**WHAT THIS TASK INVOLVES**. Print only the lines below from the one with "Alt view image" to the one with "Removable Crocodile-Pattern Wallpaper, Embossed-Texture", both included, exactly as they stand. Leave pictures out.

**Stored entries**.
☆ ☆ ☆ ☆ ☆

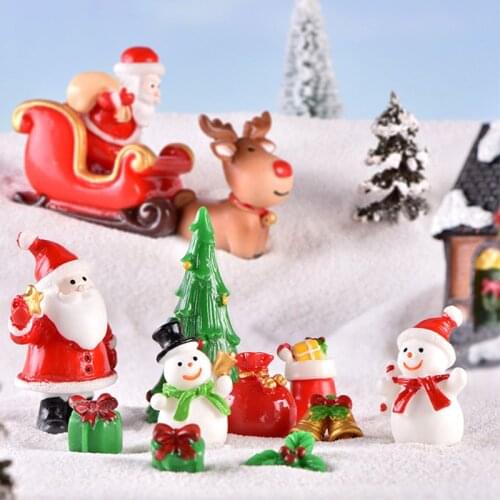 Christmas Decorations for Home Mini Santa Christmas Tree Figurine Snow Landscape Model Ornaments Room Decoration Doll House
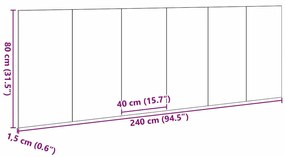 Fejtámla Musta tammi 240 x 1,5 x 80 cm Faanyag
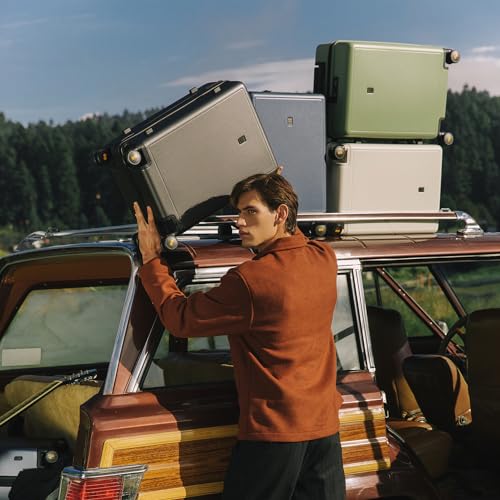 LEVEL8 Trunk Luggage, Large Suitcase 28 Inch Luggage with Spinner Wheels, Luminous Textured 28 Inch Checked Large Luggage, Lightweight Hard Case with Tsa Lock, 28 Inch, Black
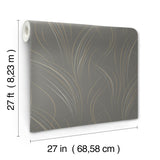 Candice Olson Charcoal Graceful Wisp Grey Wallpaper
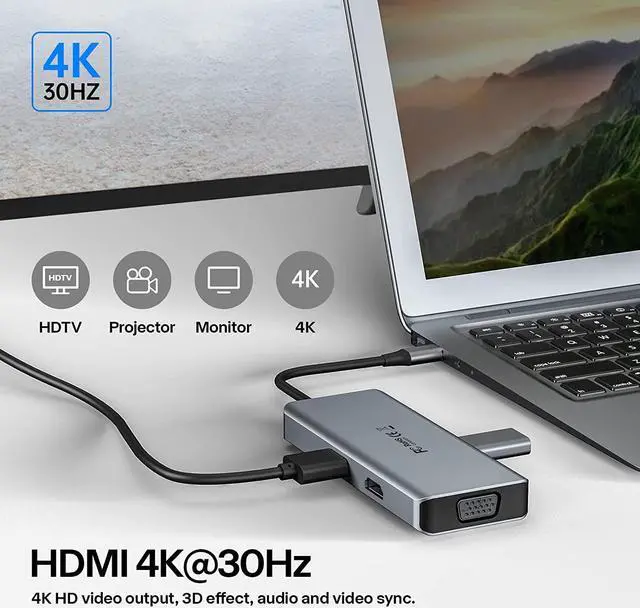 Alt view image 3 of 7 - USB C Hub, 9 in 1 Triple Display USB C Adapter Hub with 2x HDMI, USB-C, USB3.0/2.0, SD Card Reader, Micro SD Card Reader, VGA, 3.5mm Audio Jack Port, for Mac-Book Pro/Air, USB-C Laptop, and More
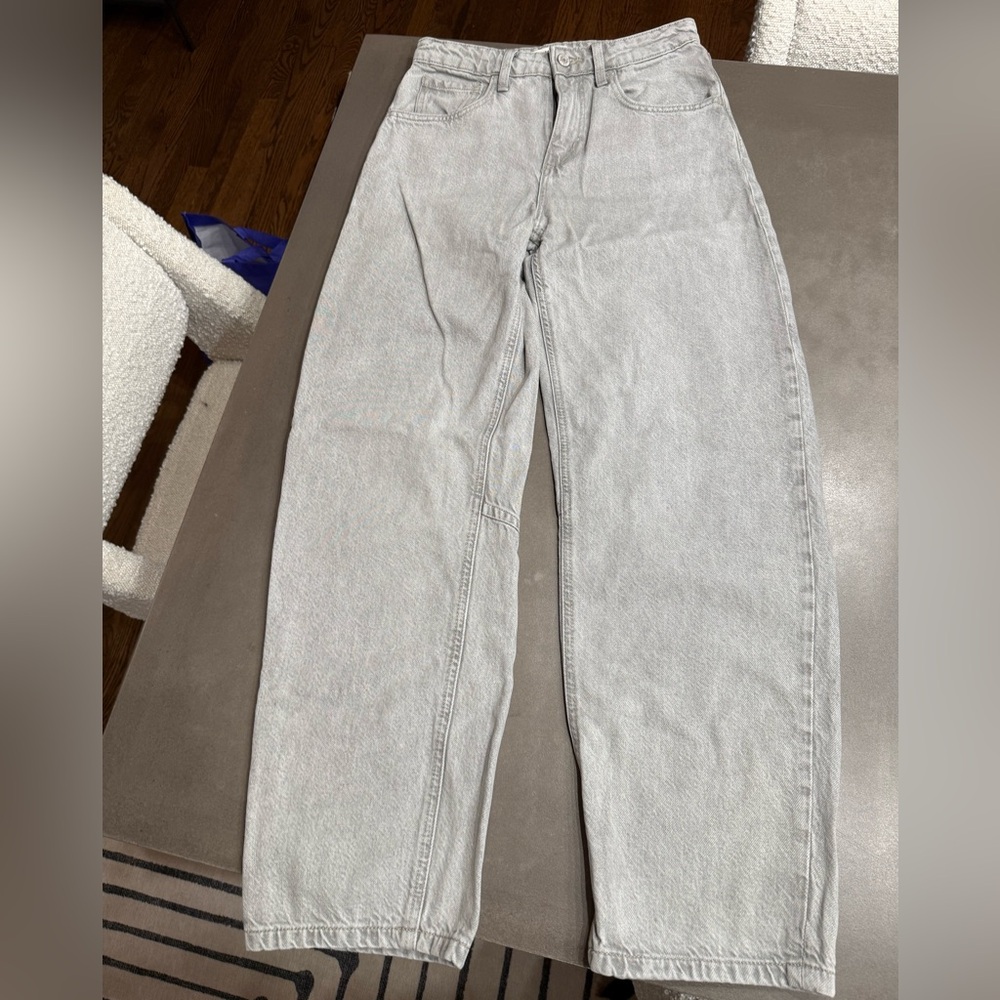 Mango Light Gray High-Waist Barrel Jeans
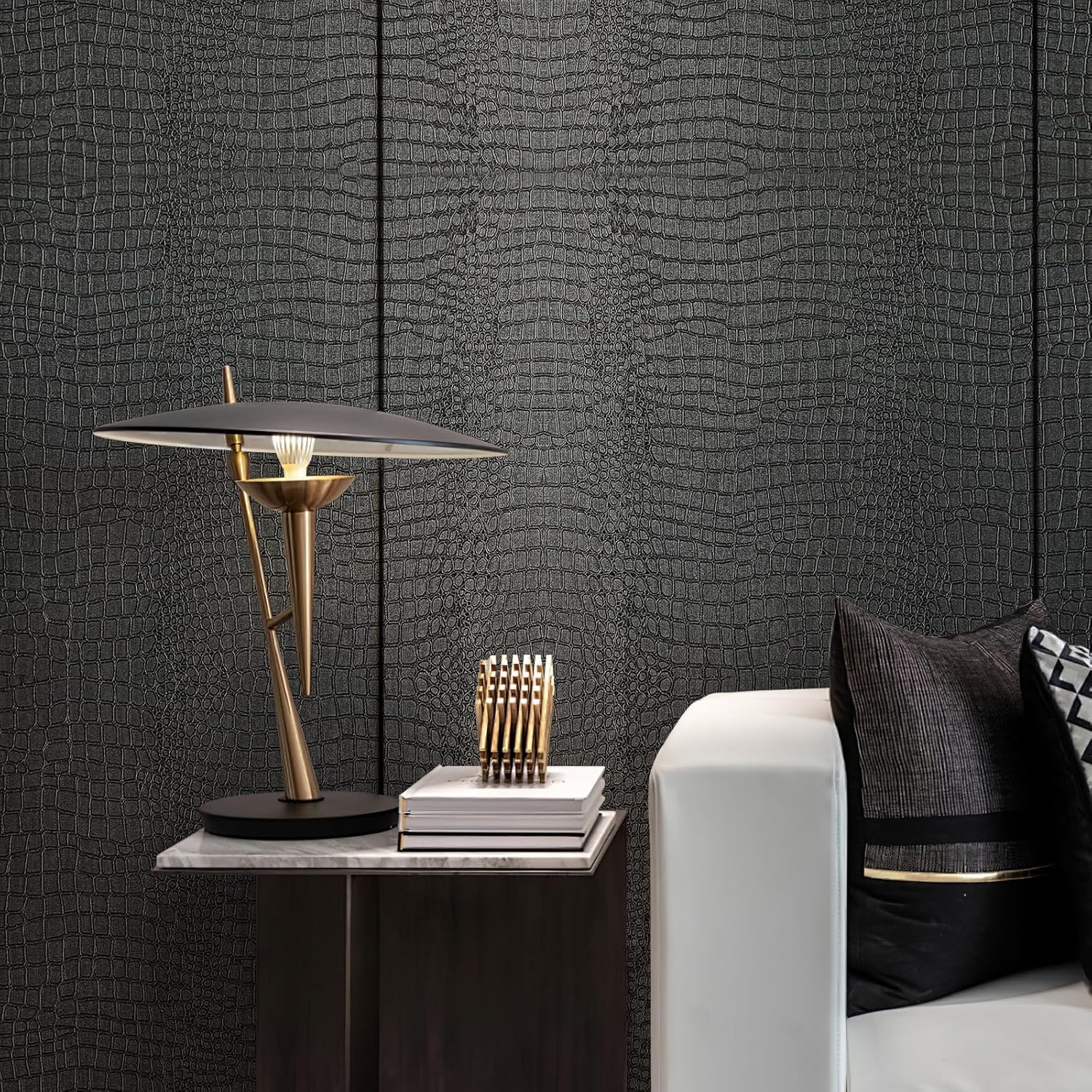 Removable Crocodile-Pattern Wallpaper, Embossed-Texture Wall Decal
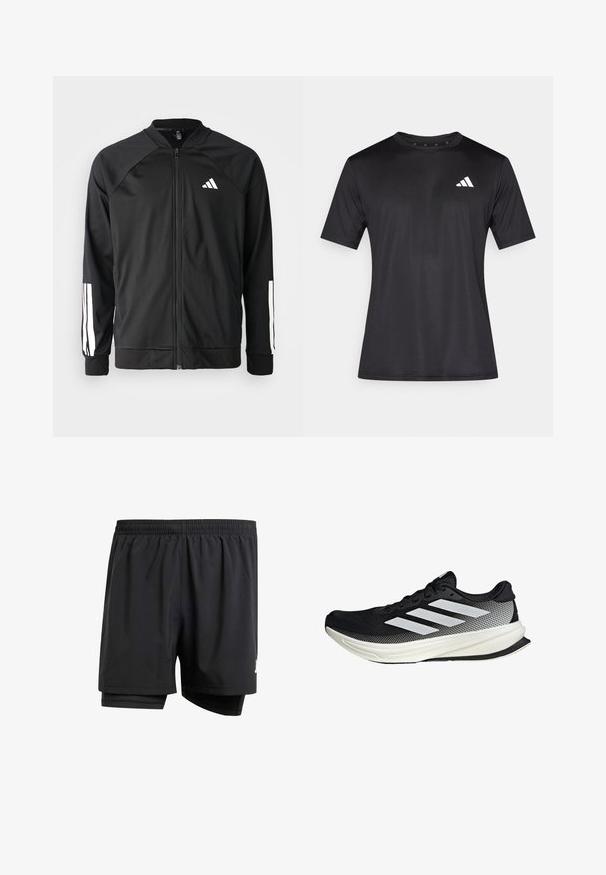 Černá sportovní bunda s předním zipem, raglánovými rukávy, bílým logem Adidas a bílými pruhy na rukávech. Hladká tkanina s elastickými manžetami.; Černé atletické tričko z lehké síťované látky, s krátkými rukávy a bílým logem na levé straně hrudníku.; Černé sportovní šortky s elastickým pasem, vnitřním podšíváním a malým logem na boku. Lehká tkanina a volný střih.; Černá sportovní boty s síťovaným designem, s bílými pruhy, zaoblenou špičkou a texturovanou podrážkou pro lepší přilnavost a oporu.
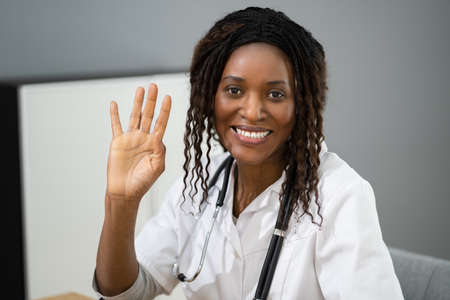 African American Doctor With Stethoscope At Healthcare Labの写真素材
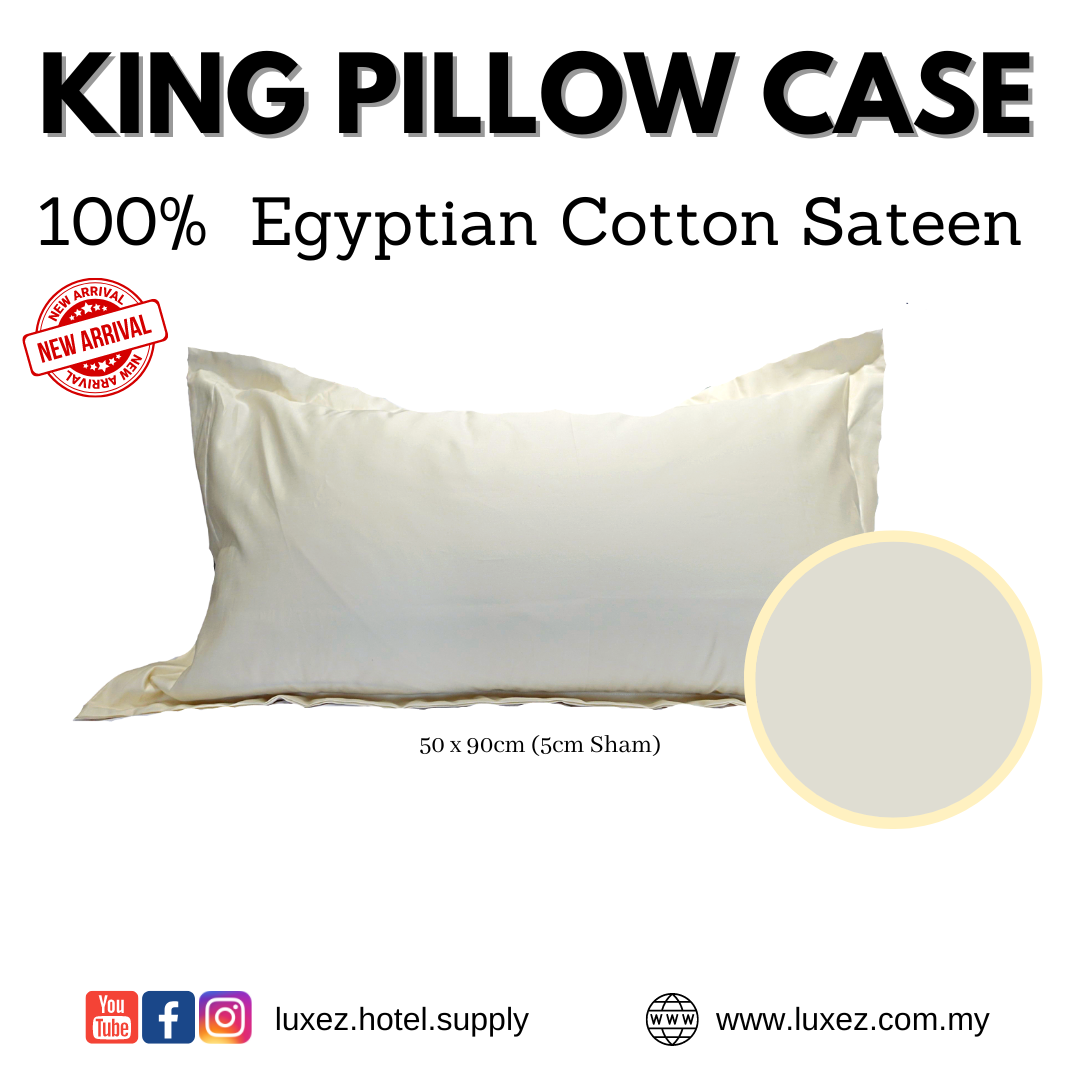 luxez king size pillow case cream colour Egyptian cotton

☆ ☆ ☆ ☆ ☆

**ANSWER FOR THIS EXERCISE**.
 Alt view image 3 of 7 - USB C Hub, 9 in 1 Triple Display USB C Adapter Hub with 2x HDMI, USB-C, USB3.0/2.0, SD Card Reader, Micro SD Card Reader, VGA, 3.5mm Audio Jack Port, for Mac-Book Pro/Air, USB-C Laptop, and More
 Mango Light Gray High-Waist Barrel Jeans
 Removable Crocodile-Pattern Wallpaper, Embossed-Texture Wall Decal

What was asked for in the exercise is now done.